EXERCISE:
Pictures in the entries below are excluded; copy only the lines from the one containing "yellow liquid in mixing bowl." to the one containing "1999 Patched Men's", both included.

ENTRIES SUPPLIED:
┄┄┄┄┄┄
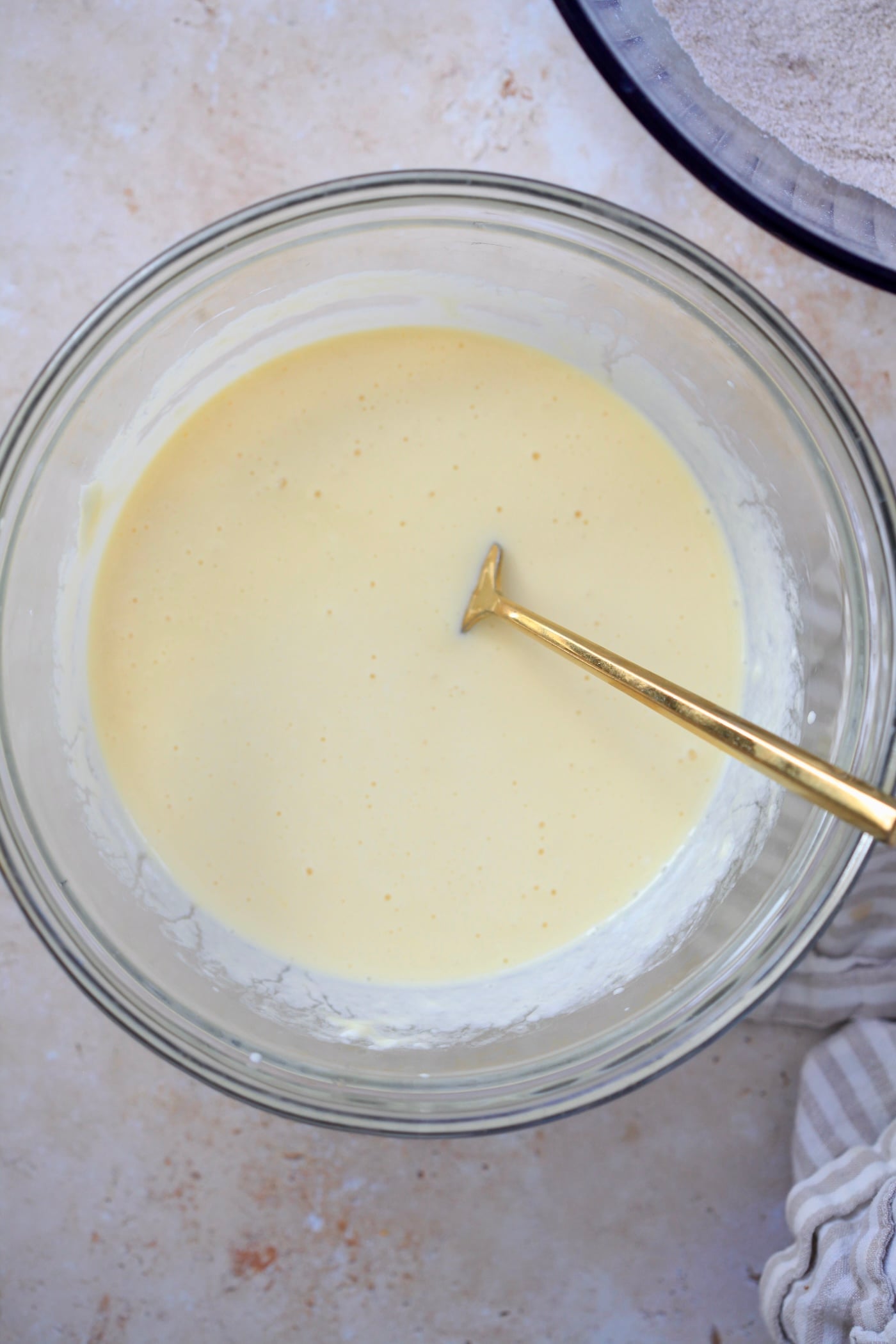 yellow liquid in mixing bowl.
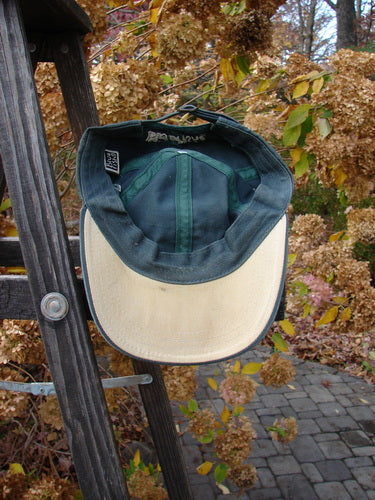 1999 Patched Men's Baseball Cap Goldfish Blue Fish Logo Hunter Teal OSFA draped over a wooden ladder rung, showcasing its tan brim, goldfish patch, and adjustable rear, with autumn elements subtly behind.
┄┄┄┄┄┄
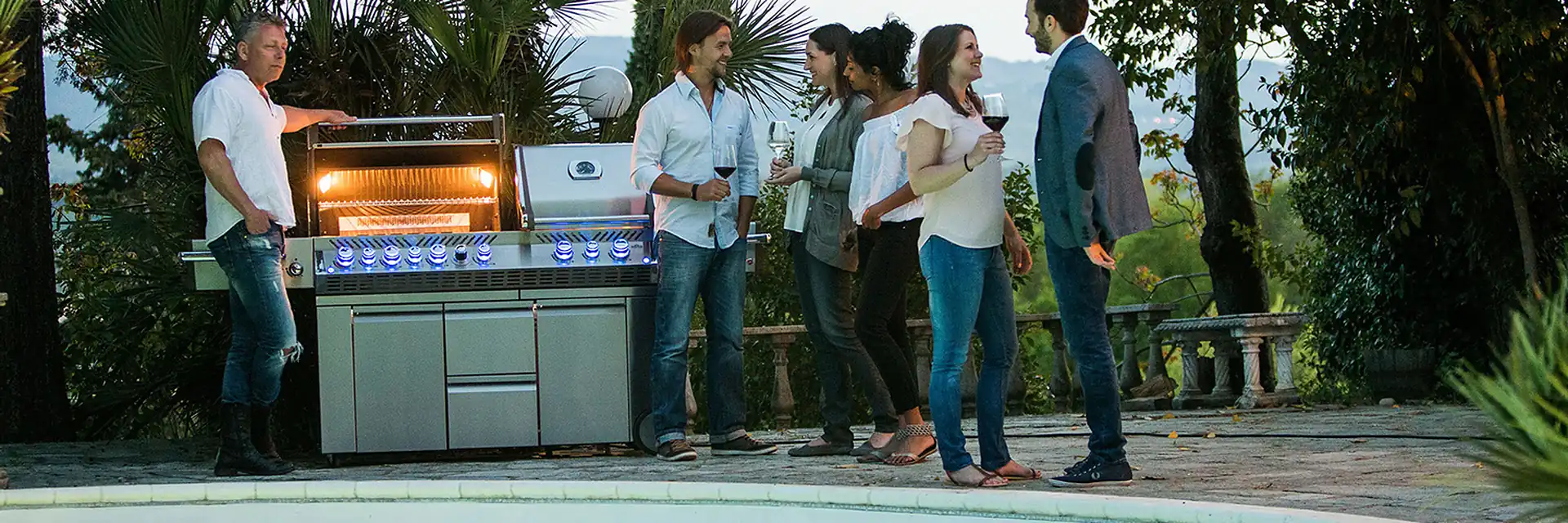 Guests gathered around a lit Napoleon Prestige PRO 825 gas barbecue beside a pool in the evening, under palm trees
┄┄┄┄┄┄
SOLUTION:
 yellow liquid in mixing bowl.
 1999 Patched Men's Baseball Cap Goldfish Blue Fish Logo Hunter Teal OSFA draped over a wooden ladder rung, showcasing its tan brim, goldfish patch, and adjustable rear, with autumn elements subtly behind.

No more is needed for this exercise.